> [Task requirements] In the copy you make, include no pictures, and transcribe every record exactly.

> [Entries shown]

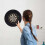 Black Protective Dartboard Darts Surround Wall Guard Protector Ring Plain 7
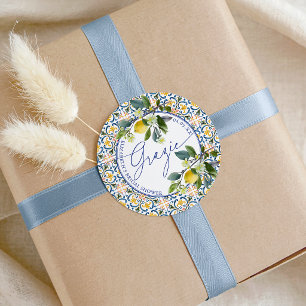 Adesivo Redondo Chuva de Lembrancinhas de Chá de Noiva Italiano de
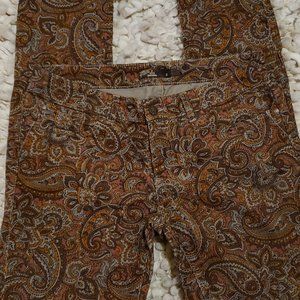prAna Trinity Paisley Cords Corduroy Jeans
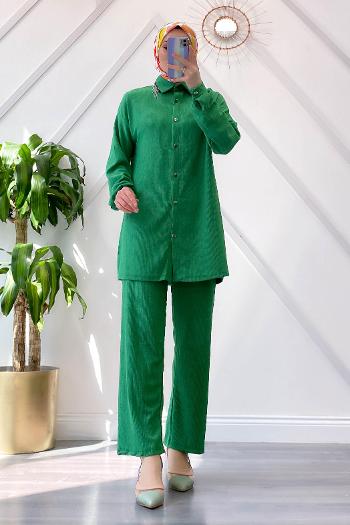 YAKASI TAŞ DÖKÜMLÜ BÜRÜMCÜK TAKIM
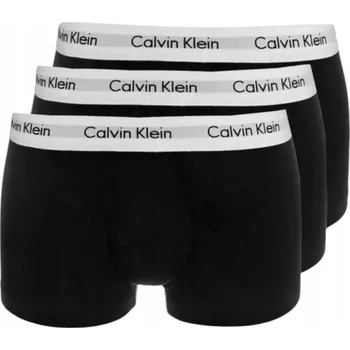 Pánské boxerky Calvin Klein 3 kusy černé pružné Cotton Stretch Icon L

> [Answer for the task]
 Black Protective Dartboard Darts Surround Wall Guard Protector Ring Plain 7
 Adesivo Redondo Chuva de Lembrancinhas de Chá de Noiva Italiano de
prAna Trinity Paisley Cords Corduroy Jeans
 YAKASI TAŞ DÖKÜMLÜ BÜRÜMCÜK TAKIM
 Pánské boxerky Calvin Klein 3 kusy černé pružné Cotton Stretch Icon L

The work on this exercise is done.